Thoughts on Browns Trade for Osweiler

Its been a big two days of free agency and there are plenty of things to discuss, but I wanted to take a little chance today to talk about the very surprising Browns trade for Brock Osweiler. Im a bit late to the party on this one but with the volume of contracts coming in I haven’t had the time to really talk much about the news, but this was the one I found the most interesting. This was something I had spoken about on the podcast a bit and answered in some Twitter Q&A that the only way to move his salary was to give up a draft pick (I assumed a 1 at the time) but doubted anyone would seriously do that. So I was surprised as anyone to see the Browns agree to basically acquire a 3rd rounder for taking on a bad contract. Now they supposedly would like to pay some of his salary and flip him for another draft choice, which I think also seems unlikely, but you never know. So let’s explore the concepts behind this trade.

While I believe this is the first time that anyone has so overtly traded cap room for a draft pick, this concept is not exclusive to this trade. In the past those spots were reserved for draft choices who turned out to be busts that were signed to large contracts with no NFL track record. Unless the player was JaMarcus Russell level bad you could often find someone to take a flier on a player as long as you made it cheap enough by paying almost all of the players remaining guaranteed salary.

Ive been on the record before that I think Osweiler’s market value is around $3-4 million and maybe a touch higher if you moved him to a QB starved team, which the Browns certainly are. Those teams know that the upside is limited but there is at least some chance of a change of scenery working out. As long as the price is below market it may be worth a chance. Here is how a normal trade for an Osweiler would have worked out

Texans Trade: Brock Osweiler

Browns Trade: conditional 7th round pick and $2.5 million in cash

Basically what would have happened is that the Browns would relieve the Texans of about $2.5M of the sunk cost and give them a 7th round pick to make the trade official. This is still basically a trade for cash its just that the cash is considered the value of the player.
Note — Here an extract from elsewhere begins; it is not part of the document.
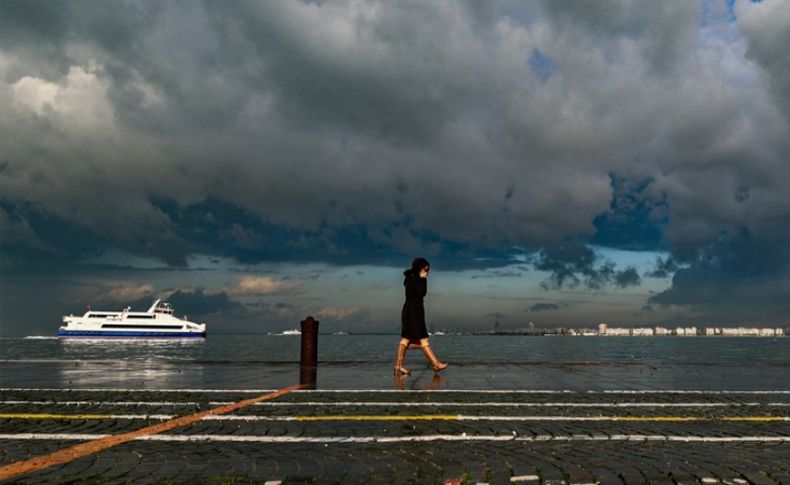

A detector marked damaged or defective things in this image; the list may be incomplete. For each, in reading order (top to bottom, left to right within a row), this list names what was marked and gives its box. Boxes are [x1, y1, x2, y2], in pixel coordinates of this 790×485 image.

rusty metal bollard [300, 314, 318, 390]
But in this trade they agreed to take on the entire sunk cost and asked for something in return which is different. The actual trade worked out as:

Texans Trade: Brock Osweiler, 6th round pick, 2nd round pick in 2018

Browns Trade: 4th round pick and $16 million in cash

So if we cancel out the constants we would get the following

Texans Trade: 6th round pick, 2nd round pick in 2018, conditional 7th pick

Browns Trade: 4th round pick and $14.5 million in cash

While Im not the biggest believer in the traditional draft value chart if we slot in the Texans trading the 64th pick, 188th pick, and the last pick in the draft  they gave up 288.2 points and received 35 points back, giving the Browns a net gain of 253 points. Basically it boils down to paying $14.5 million for an early 3rd round draft pick. That seems pretty excessive.

Granted the Browns have a ton of cap room and maybe they see this as the only way to get better but there are probably more creative and cheaper ways to get a 3rd round draft pick.

Ironically I think we can go back to a trade that the Browns engineered a few years ago to see how a better model can work. The Browns had selected Trent Richardson with the 3rd pick in the draft in 2012 and pretty much felt he was a bust. They had already paid the majority of his $20.5M contract as a signing bonus (13.3M) in 2012 so the Colts, blinded by Richardson’s draft cache, thought they were getting a great player on the cheap. They traded a first round pick for Richardson’s remaining contract. Now not everyone will have that kind of situation to work with but it can give a framework.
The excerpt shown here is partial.